The bride is usually expected to produce a white cloth stained with the proof of her virginity and it may be displayed with pride. Her parents will be ashamed if she is not a virgin. However, as a sign of respect, a man does not eat with his parents-in-law.
According to history, there was a mass movement Of people from Yemen in the Middle East to the Nile valley and by A.D.600, they had dispersed and reached the Sudan and Sahara.
The Babur Bura people together with other tribes like Luguda are believed to have migrated from Yemen via Sudan through the Chad Basin [Kanem of Borno region] to the present Babur Bura land in Borno and Adamawa state.
In Borno state, the Babur Bura people are found in the following local Government Areas, Biu, Hawul, Kwaya kusar, Shani and Bayo while in Adamawa State, they reside mainly in Garkida in Gombi Local Government Area.
However, each of these places has its own unique history. For example, the founder of the present Royal dynasty of Biu is Yamta -ra wala or Yamta the great.
Local tradition asserts that Yamta was the son of a Mandara woman who already carrying him in her womb at the time she was taken into the Mai of Borno’s household.

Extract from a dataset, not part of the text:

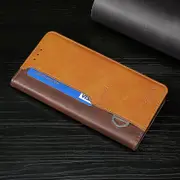 Leather Phone Case For Samsung Galaxy A13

Yamta was brought up as a Kanuri.
Yamta established sizeable kingdom for himself in the area bounded by the Gongola and the village of Kopchi, with his first capital at a place called Limbur between Chikorkur and Mandaragrau. Yamta’s grave is still identified at Limbur.
The Babur people are mostly, the inhabitants of Biu and its Immediate environment while the Bura people are the rural inhabitants of the Babur Bura land.